For the entries below, the expected answer is the line with "Трековый светодиодный светильник", the line with "Goldendoodle Puppies from Betsy-Doodles", and every line between them, exactly as written, and nothing more.

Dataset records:
*** Begin section ***
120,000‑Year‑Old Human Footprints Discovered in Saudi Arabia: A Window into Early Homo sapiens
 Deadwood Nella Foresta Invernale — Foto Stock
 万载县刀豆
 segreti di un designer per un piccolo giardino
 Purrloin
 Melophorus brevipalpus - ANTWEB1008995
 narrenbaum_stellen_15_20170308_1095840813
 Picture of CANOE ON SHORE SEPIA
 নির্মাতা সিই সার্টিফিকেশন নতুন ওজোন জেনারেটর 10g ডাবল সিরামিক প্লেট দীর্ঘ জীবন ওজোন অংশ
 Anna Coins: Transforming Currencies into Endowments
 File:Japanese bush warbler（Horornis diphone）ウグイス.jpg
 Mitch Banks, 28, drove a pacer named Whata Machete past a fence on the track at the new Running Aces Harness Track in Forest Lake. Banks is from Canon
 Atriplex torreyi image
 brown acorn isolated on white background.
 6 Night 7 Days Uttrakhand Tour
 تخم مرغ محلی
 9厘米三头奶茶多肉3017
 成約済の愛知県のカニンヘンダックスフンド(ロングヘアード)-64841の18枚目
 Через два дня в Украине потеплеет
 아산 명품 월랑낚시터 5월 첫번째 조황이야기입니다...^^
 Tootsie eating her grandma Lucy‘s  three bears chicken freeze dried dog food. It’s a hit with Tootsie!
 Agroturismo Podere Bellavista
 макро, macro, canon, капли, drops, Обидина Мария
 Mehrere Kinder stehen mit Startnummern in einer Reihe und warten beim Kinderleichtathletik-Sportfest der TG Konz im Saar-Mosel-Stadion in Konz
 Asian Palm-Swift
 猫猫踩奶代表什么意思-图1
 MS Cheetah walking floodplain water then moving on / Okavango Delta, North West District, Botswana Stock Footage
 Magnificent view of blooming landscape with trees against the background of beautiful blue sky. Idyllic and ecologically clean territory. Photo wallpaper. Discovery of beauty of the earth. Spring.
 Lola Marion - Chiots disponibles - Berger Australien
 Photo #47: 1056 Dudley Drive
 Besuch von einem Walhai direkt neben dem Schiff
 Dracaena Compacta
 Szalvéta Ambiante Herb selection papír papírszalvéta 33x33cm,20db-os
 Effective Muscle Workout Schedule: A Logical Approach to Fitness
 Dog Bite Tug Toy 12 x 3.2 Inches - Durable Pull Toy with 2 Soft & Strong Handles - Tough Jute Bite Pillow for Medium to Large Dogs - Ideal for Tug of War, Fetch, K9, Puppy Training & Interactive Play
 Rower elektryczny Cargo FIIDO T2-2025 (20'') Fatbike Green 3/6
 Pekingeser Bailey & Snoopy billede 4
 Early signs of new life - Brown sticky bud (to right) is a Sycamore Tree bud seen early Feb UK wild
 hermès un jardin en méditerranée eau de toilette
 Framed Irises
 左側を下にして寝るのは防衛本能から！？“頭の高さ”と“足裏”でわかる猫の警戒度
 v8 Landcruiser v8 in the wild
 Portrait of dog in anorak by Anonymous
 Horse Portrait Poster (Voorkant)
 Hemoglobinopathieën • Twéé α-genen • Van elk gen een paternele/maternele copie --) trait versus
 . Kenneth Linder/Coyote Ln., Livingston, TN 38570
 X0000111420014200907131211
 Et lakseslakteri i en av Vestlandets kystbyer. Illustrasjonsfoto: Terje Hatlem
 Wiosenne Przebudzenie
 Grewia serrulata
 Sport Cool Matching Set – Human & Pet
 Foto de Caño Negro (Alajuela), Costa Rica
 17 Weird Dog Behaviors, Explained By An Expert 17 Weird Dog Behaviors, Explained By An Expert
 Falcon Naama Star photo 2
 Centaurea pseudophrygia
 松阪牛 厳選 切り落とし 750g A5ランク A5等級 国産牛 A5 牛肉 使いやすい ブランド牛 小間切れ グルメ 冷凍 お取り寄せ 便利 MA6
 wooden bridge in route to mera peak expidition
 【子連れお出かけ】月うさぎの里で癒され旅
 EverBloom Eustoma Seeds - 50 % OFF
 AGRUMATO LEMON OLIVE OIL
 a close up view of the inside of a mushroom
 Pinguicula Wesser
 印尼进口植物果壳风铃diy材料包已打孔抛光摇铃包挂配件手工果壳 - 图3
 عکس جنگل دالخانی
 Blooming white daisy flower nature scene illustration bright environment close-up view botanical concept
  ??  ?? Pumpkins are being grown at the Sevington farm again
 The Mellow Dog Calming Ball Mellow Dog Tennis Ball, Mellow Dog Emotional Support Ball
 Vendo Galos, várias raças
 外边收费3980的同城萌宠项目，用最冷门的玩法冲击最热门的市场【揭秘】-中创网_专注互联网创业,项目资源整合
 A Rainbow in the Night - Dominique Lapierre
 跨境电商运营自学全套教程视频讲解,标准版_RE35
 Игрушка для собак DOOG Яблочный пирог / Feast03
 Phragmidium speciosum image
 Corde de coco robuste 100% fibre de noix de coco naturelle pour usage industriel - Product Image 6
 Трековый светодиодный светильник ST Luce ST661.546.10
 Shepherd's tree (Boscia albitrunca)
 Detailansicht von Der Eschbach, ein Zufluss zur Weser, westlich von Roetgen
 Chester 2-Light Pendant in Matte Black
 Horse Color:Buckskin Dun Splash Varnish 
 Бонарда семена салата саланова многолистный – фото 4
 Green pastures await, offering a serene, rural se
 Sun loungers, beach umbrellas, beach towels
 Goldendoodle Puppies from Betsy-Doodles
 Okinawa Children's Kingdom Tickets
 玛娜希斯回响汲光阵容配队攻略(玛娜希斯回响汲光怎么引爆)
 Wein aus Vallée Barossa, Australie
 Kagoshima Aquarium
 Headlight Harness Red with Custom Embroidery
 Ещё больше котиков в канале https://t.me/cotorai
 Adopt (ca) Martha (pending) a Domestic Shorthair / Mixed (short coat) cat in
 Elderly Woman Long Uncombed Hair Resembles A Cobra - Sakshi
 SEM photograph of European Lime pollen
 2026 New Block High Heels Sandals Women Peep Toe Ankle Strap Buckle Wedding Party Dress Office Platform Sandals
*** End section ***
■ **Task solution**
 Трековый светодиодный светильник ST Luce ST661.546.10
 Shepherd's tree (Boscia albitrunca)
 Detailansicht von Der Eschbach, ein Zufluss zur Weser, westlich von Roetgen
 Chester 2-Light Pendant in Matte Black
 Horse Color:Buckskin Dun Splash Varnish 
 Бонарда семена салата саланова многолистный – фото 4
 Green pastures await, offering a serene, rural se
 Sun loungers, beach umbrellas, beach towels
 Goldendoodle Puppies from Betsy-Doodles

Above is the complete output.